- Opening Delimiter -

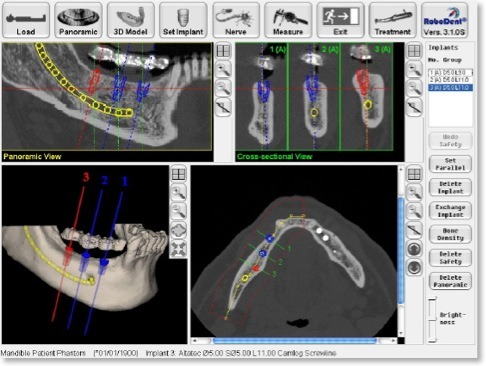 robodent-behandlung-dortmund Robodent Behandlung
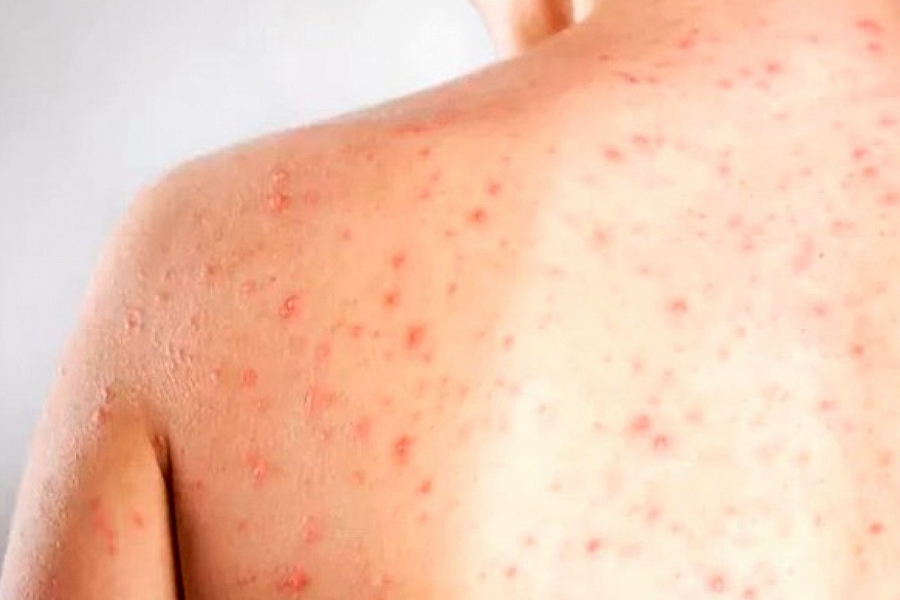 Reprodução/Imagem Ilustrativa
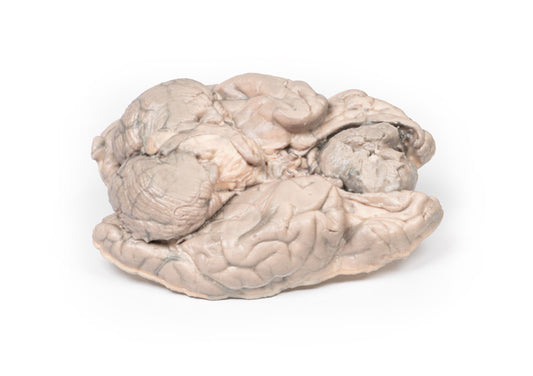 Meningiom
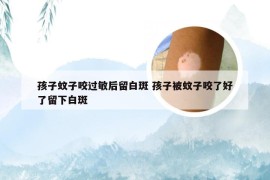 孩子蚊子咬过敏后留白斑 孩子被蚊子咬了好了留下白斑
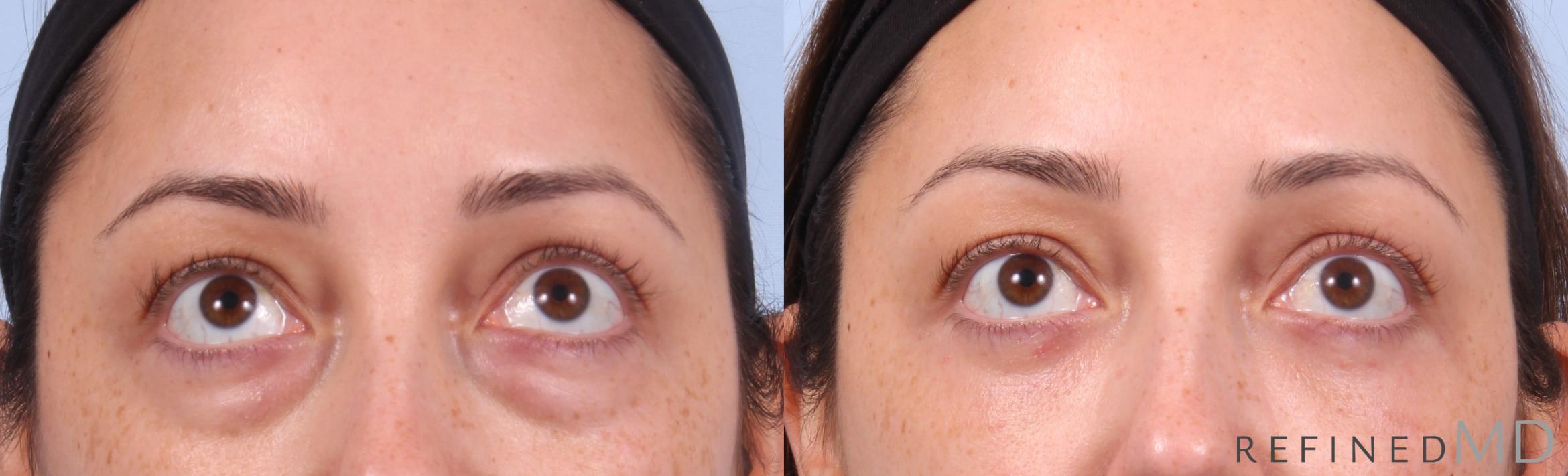 Before & After Lower Eyelid Case 1144 Up Gaze View in Los Gatos & San Jose, CA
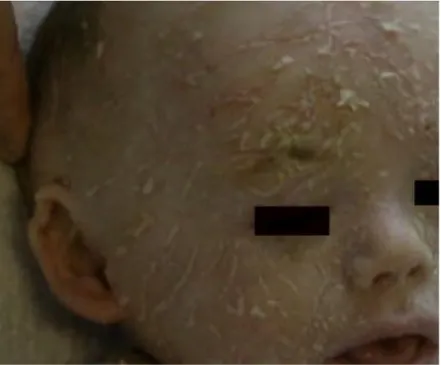 Figure 7 : Déformation du pavillon des oreilles témoignant d’un état de bébé collodion à  la naissance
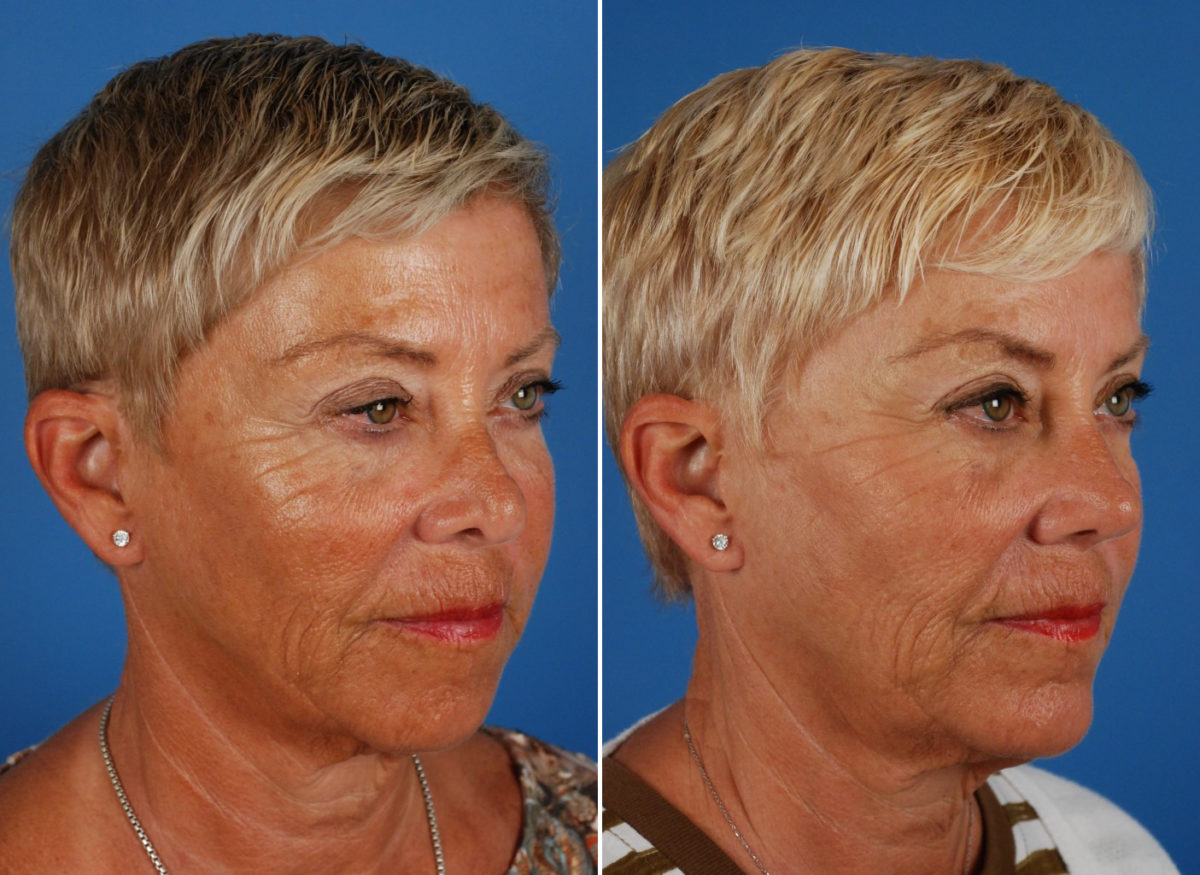 Revision Rhinoplasty Before and After Photos in Naples, FL, Patient 8619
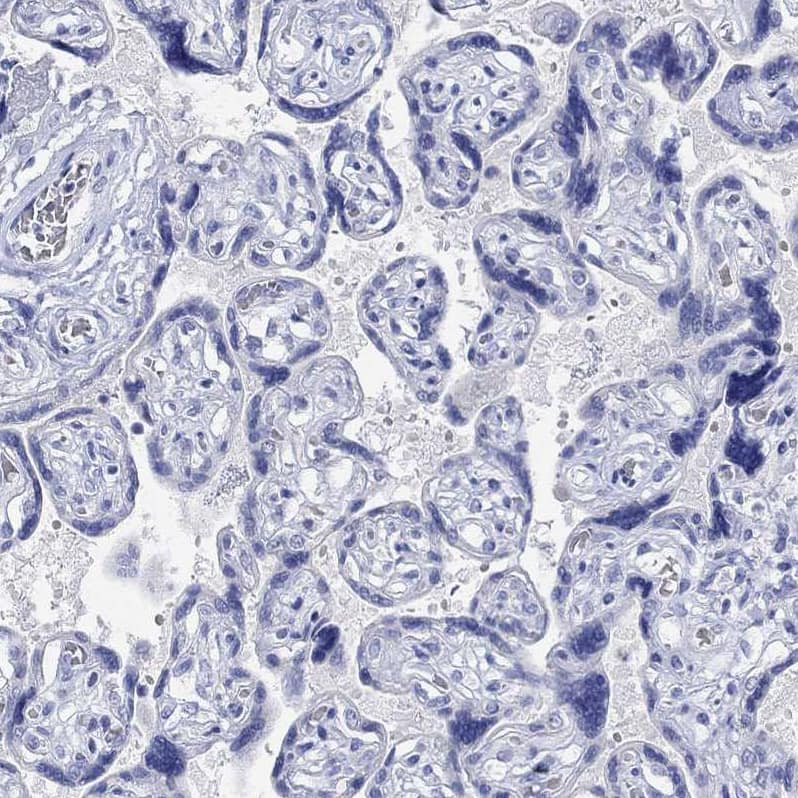 Staining of human placenta shows no positivity in trophoblastic cells as expected.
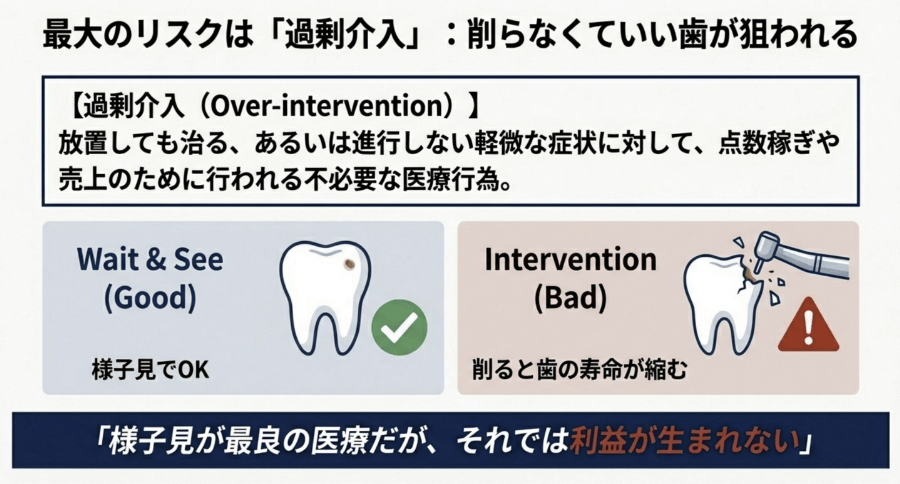 過剰介入とは何かを示す図。削らなくてよい歯は様子見が最良で、不要な治療は歯の寿命を縮めることを解説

- Closing Delimiter -

## Exercise prompt
Nothing but the lines from the line containing "孩子蚊子咬过敏后留白斑 孩子被蚊子咬了好了留下白斑" through the last line of the records above should be written out, exactly and without the pictures.

## Answer section
 孩子蚊子咬过敏后留白斑 孩子被蚊子咬了好了留下白斑
 Before & After Lower Eyelid Case 1144 Up Gaze View in Los Gatos & San Jose, CA
 Figure 7 : Déformation du pavillon des oreilles témoignant d’un état de bébé collodion à  la naissance
 Revision Rhinoplasty Before and After Photos in Naples, FL, Patient 8619
 Staining of human placenta shows no positivity in trophoblastic cells as expected.
 過剰介入とは何かを示す図。削らなくてよい歯は様子見が最良で、不要な治療は歯の寿命を縮めることを解説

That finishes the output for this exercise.